El Hadji Diouf - Scotland's Public Enemy No.1?
The closing of the January transfer window is starting to be one of those great days in the football calendar, especially in Scotland after the fun and games of the last two years.
Robbie Keane's arrival at Celtic on loan from Tottenham exactly 12 months ago saw fans gathering outside the Parkhead stadium late into the night to welcome their exciting new signing, as Tony Mowbray briefly won the fans over with a shrewd, if temporary, piece of transfer business.
Fast forward 12 months and it's the Rangers' signing of El-Hadji Diouf from Blackburn Rovers on a short-term loan that has everyone talking...and not in quite the same way Keane's arrival in the SPL did.
What the Irishman brought to Celtic in a short space of time was plenty of goals as the Bhoys tried to salvage what had up until that point been a terrible SPL campaign. Keane may have scored 16 goals in 19 appearances, but Celtic fell to pieces in the last months of the 2009/10 season, typified by a 4-0 thumping by St Mirren that saw Mowbray sacked and Neil Lennon replacing him as manager. However you cannot argue his contribution regardless.
Rangers on the other hand have brought to Scotland a man so disliked in England after a string of misdemeanours and acts of sheer stupidity that you have to wonder just what Walter Smith is thinking of in his final months as Rangers manager before he leaves in the summer.
To say Diouf is a colourful character would be a huge understatement. Since arriving on these shores with Liverpool in 2001, he's been accused of spitting incidents at, not only fellow professionals, but an 11-year-old boy, and has also felt the long arm of the law by being collared over driving offences.
How could anybody hate that face? Oh, right - yeah...
And just last month was subject to a stinging attack by QPR boss Neil Warnock after being accused of shouting abuse at Jamie Mackie, while the Hoops star writhed in agony on the ground after suffering a leg break in an FA Cup tie with Blackburn.
It seems that he goes out of his way to court controversy and his move to Rangers, despite him having not kicked a ball yet, has done that already.
Some Rangers fans will be pleased at his arrival, with some of the mindset that he spat on a Celtic fan so that's already good enough. Sad, yet true. Others though are split on the Senegal international's move to the SPL.
Pundit Craig Burley voiced his strong opinion on ESPN the day after Diouf arrived, saying that he's not the kind of player wanted in Scotland, going to say he won't be happy commentating on matches he's involved with. If you hear his rant all the way, it's hard to argue with some of the points he makes.

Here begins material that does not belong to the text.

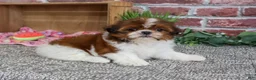 Shih Tzu dogs for sale: Marigold - Ad 3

As for his all round football ability, he is a player that is competitive and at times can do good with the ball. But in ten years south of the border, what has he actually achieved with Liverpool, Bolton, Sunderland and Blackburn? A big, fat zero is the answer to that.

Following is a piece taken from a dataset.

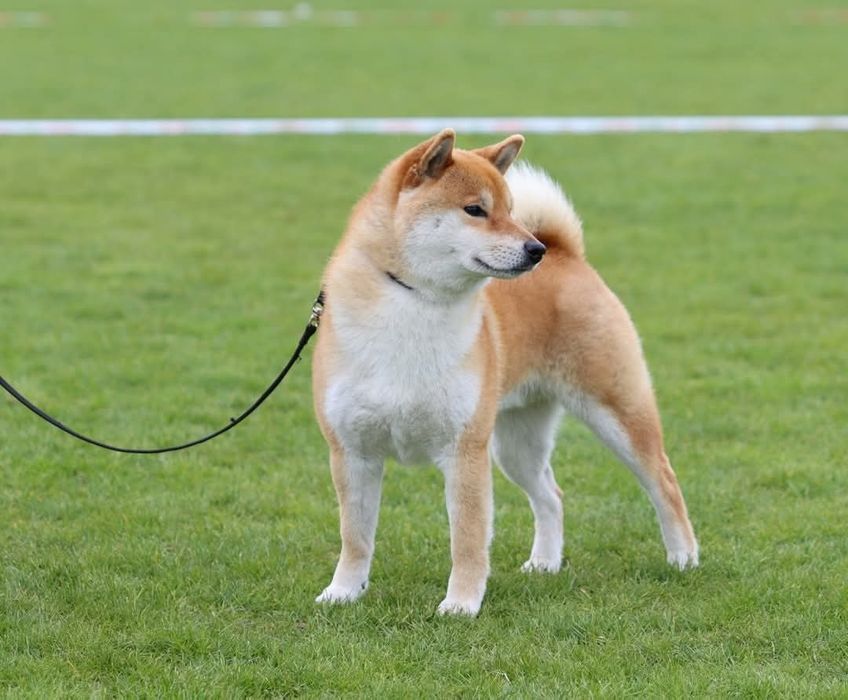 Shiba Inu KioFig ZKwP FCI  Piękne suczki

Speaking personally, I've always believed him to be the epitomy of everything wrong with English football. An overpaid, mediocre and often foolish individual with money often seeming his only motivation and no interest in adding medals or achievements to his game.
The main arguments appear to be about his behavioural issues in the past and going by his charge sheet, it's hard to disagree. However the point should be taken that it's what he does in Scotland, however long he's here for, is what he should be judged on.
Diouf himself won't care. On the pitch he seems to revel in winding people up. In Scotland, he's already done that and he's not even graced a football pitch yet.
One thing's for sure though. Sunday's Scottish Cup tie between Rangers and Celtic will be much more fascinating if Diouf plays.